Multispectral Pedestrian Detection via Simultaneous Detection and Segmentation
Chengyang Li
Dan Song
Ruofeng Tong
Min Tang
BMVC 2018 | arXiv
Figure 1: Overview of the proposed MSDS-RCNN. The network architecture consists of a multispectral proposal network (MPN) to generate pedestrian proposals, and a subsequent multispectral classification network (MCN) to distinguish pedestrian instances from hard negatives. The unified network is learned by jointly optimizing pedestrian detection and semantic segmentation tasks. The final detections are obtained by integrating the outputs from different modalities as well as the two stages.
Abstract
Multispectral pedestrian detection has attracted increasing attention from the research community due to its crucial competence for many around-the-clock applications (e.g., video surveillance and autonomous driving), especially under insufficient illumination conditions. We create a human baseline over the KAIST dataset and reveal that there is still a large gap between current top detectors and human performance. To narrow this gap, we propose a network fusion architecture, which consists of a multispectral proposal network to generate pedestrian proposals, and a subsequent multispectral classification network to distinguish pedestrian instances from hard negatives. The unified network is learned by jointly optimizing pedestrian detection and semantic segmentation tasks. The final detections are obtained by integrating the outputs from different modalities as well as the two stages. The approach significantly outperforms state-of-the-art methods on the KAIST dataset while remain fast. Additionally, we contribute a sanitized version of training annotations for the KAIST dataset, and examine the effects caused by different kinds of annotation errors. Future research of this problem will benefit from the sanitized version which eliminates the interference of annotation errors.
Detection Performance
We compare our MSDS-RCNN with existing methods, including ACF+T+THOG [1], Halfway Fusion [2], Fusion RPN [3], Fusion RPN+BF [3], IAF R-CNN [4] and IATDNN+IASS [5]. Fig. 2 illustrates the ROC curves.

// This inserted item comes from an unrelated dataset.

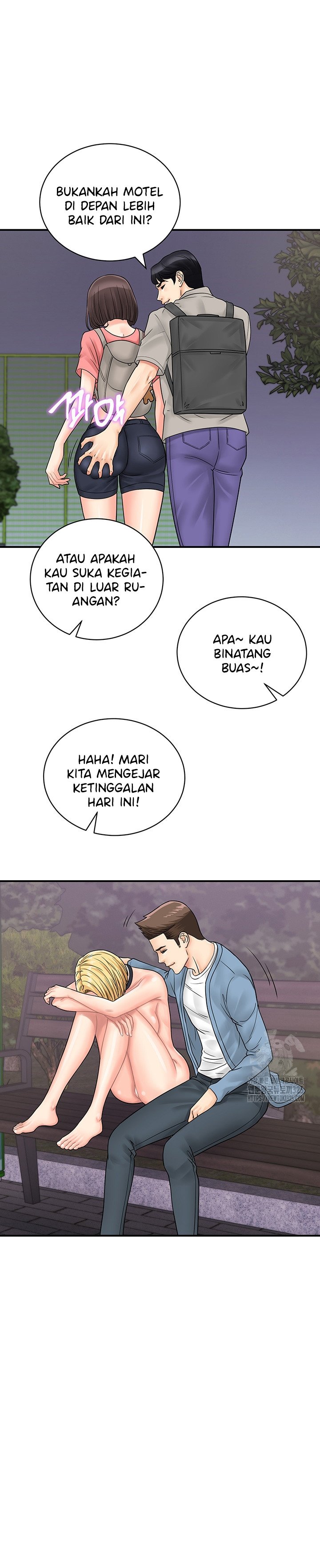 Please Scan Here! - Chapter 33 11 Please Scan Here! - Chapter 33 11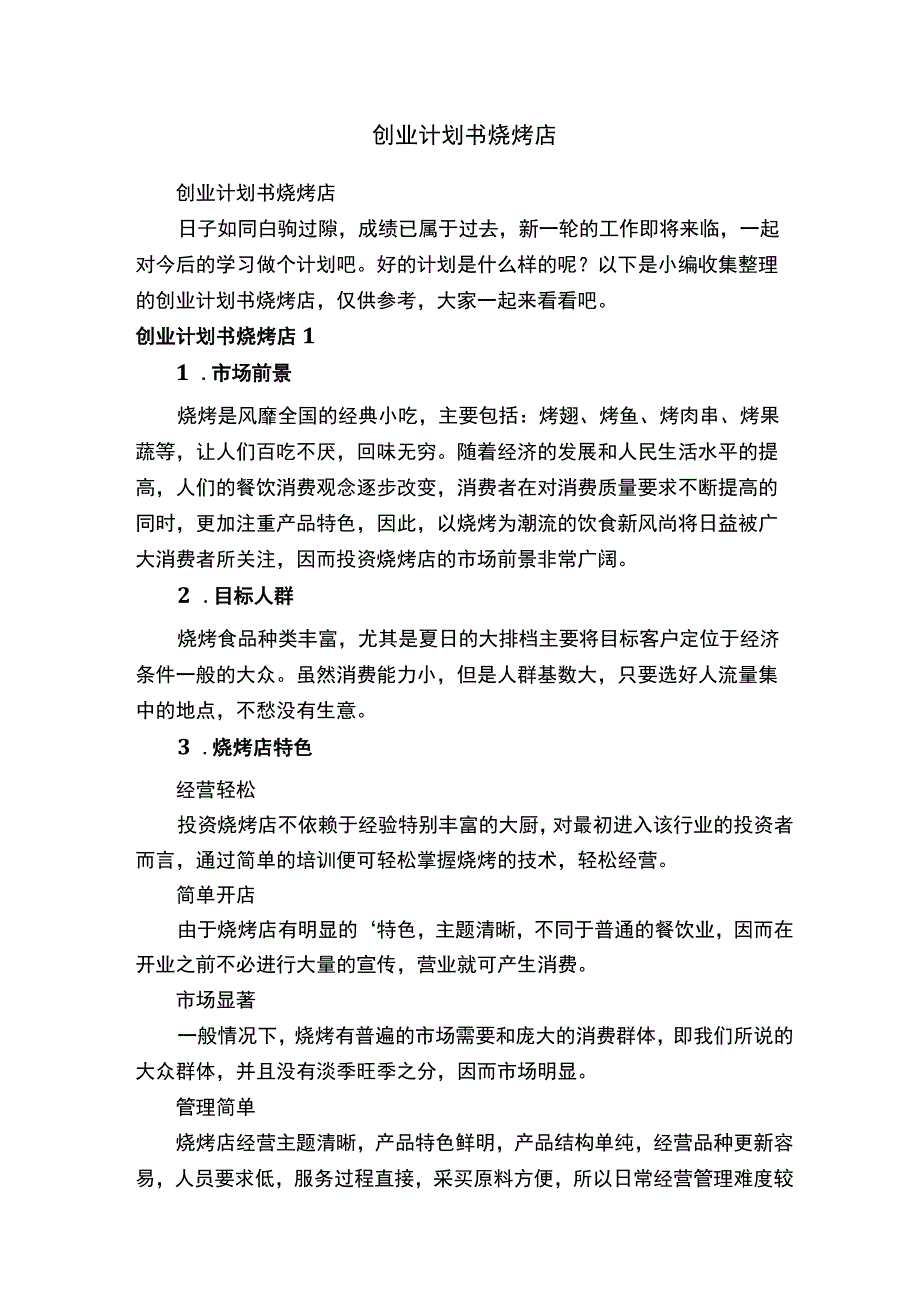 创业计划书烧烤店.docx_第1页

Figure 2: Comparisons of detection results reported on the test set of KAIST dataset [1], in terms of Reasonable-all. Our method surpasses existing state-of-the-arts by a large margin (26% relative). About one third of the error is attributed to the annotation noise, which can be further eliminated using our sanitized training annotations.
Downloads
Human Baseline: [Google Drive] [OneDrive]
Detection Results: [Google Drive] [OneDrive]
Sanitized Training Annotations: [Google Drive] [OneDrive]
KAIST Multispectral Pedestrian Dataset: Link to KAIST dataset
Improved Testing Annotations provided by Liu et al.: Link to download (Since the original annotations of the test set contain many problematic bounding boxes, we highly recommend you to report results using the improved testing annotations instead of the orignial ones to enable a reliable comparison.)
Codes
Link to project on GitHub: (https://github.com/Li-Chengyang/MSDS-RCNN)
Citation
@InProceedings{li_2018_BMVC,
author = {Li, Chengyang and Song, Dan and Tong, Ruofeng and Tang, Min},
title = {Multispectral Pedestrian Detection via Simultaneous Detection and Segmentation},
booktitle = {British Machine Vision Conference (BMVC)},
month = {September},
year = {2018},
}
Reference
[1] Soonmin Hwang, Jaesik Park, Namil Kim, Yukyung Choi, and In So Kweon. Multispectral pedestrian detection: Benchmark dataset and baseline. In CVPR, pages 1037–1045, 2015.
[2] Jingjing Liu, Shaoting Zhang, Shu Wang, and Dimitris Metaxas. Multispectral deep neural networks for pedestrian detection. In BMVC, pages 73.1–73.13, 2016.
[3] Daniel König, Michael Adam, Christian Jarvers, Georg Layher, Heiko Neumann, and Michael Teutsch. Fully convolutional region proposal networks for multispectral person detection. In CVPRW, pages 243–250, 2017.
[4] Chengyang Li, Dan Song, Ruofeng Tong, and Min Tang. Illumination-aware faster r-cnn for robust multispectral pedestrian detection. arXiv preprint arXiv:1803.05347, 2018.
[5] Dayan Guan, Yanpeng Cao, Jun Liang, Yanlong Cao, and Michael Ying Yang. Fusion of multispectral data through illumination-aware deep neural networks for pedestrian detection. arXiv preprint arXiv:1802.09972, 2018.